▸ WORK TO COMPLETE
From the material below, reproduce exactly the stretch of lines that begins with the line holding "家用SUV卷王，东风奕派M8满配华为乾崑六件套亮相大湾区车展" and ends with the line holding "show from 04.10.26", skipping the pictures.

▸ STUDY MATERIAL
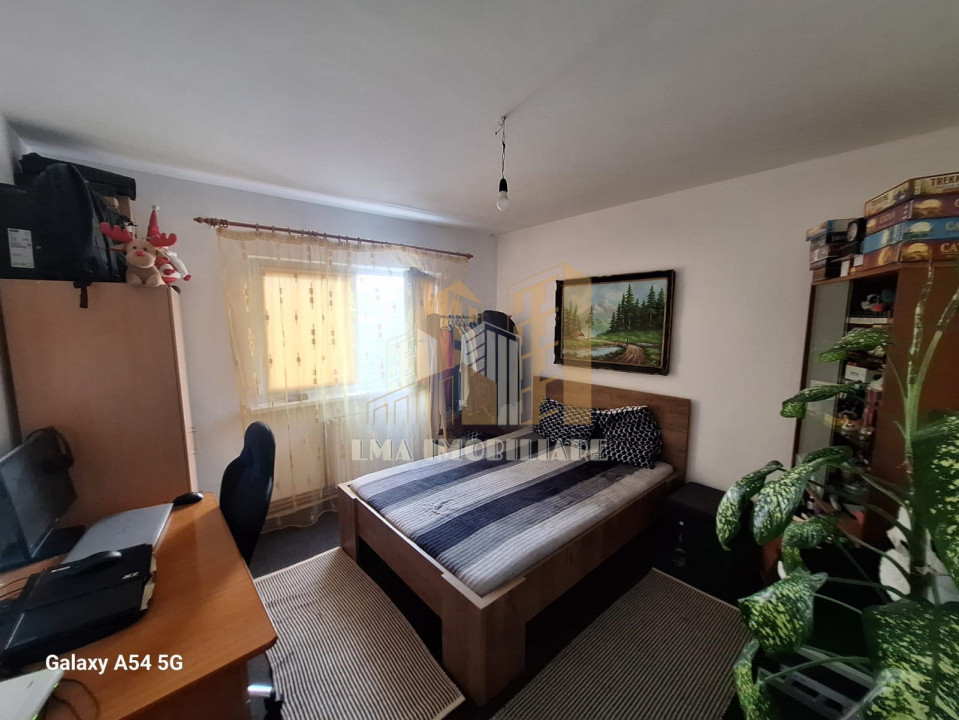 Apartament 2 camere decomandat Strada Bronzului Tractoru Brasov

...

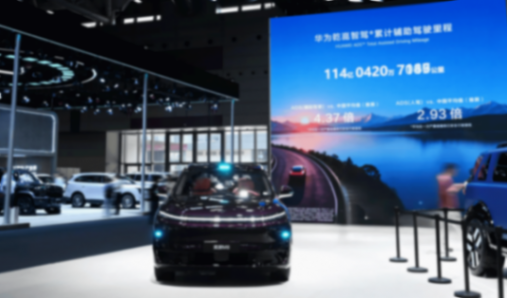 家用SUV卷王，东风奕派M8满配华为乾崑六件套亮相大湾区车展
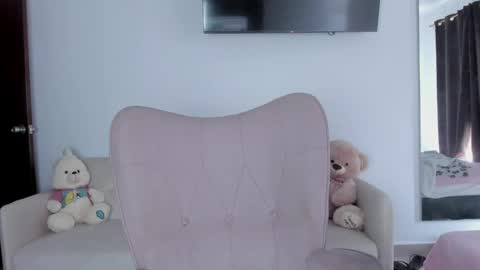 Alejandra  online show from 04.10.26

...

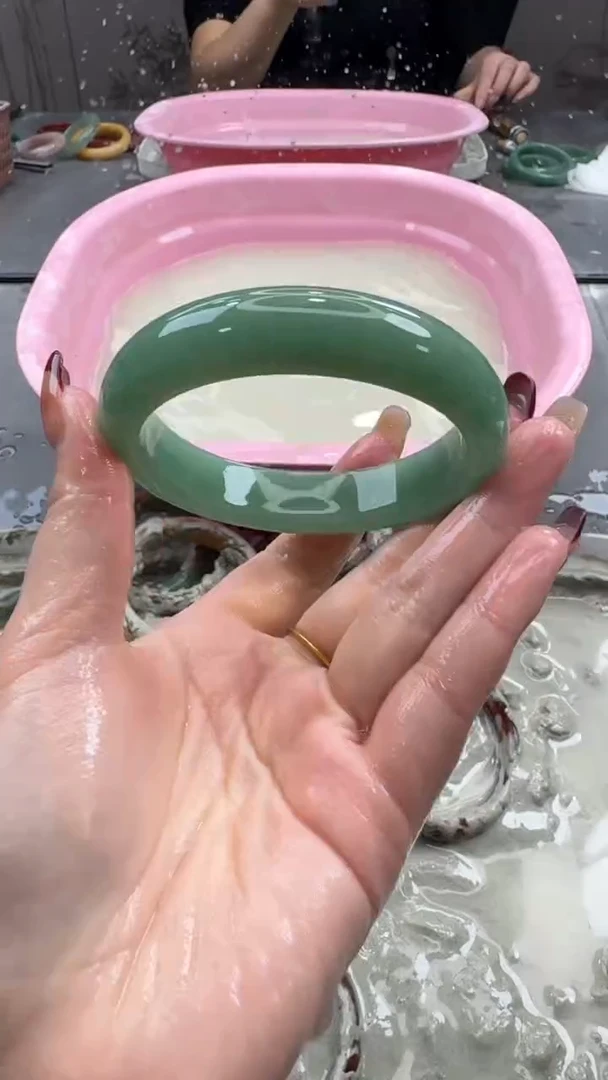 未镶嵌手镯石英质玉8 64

▸ OUTPUT BELOW
 家用SUV卷王，东风奕派M8满配华为乾崑六件套亮相大湾区车展
 Alejandra  online show from 04.10.26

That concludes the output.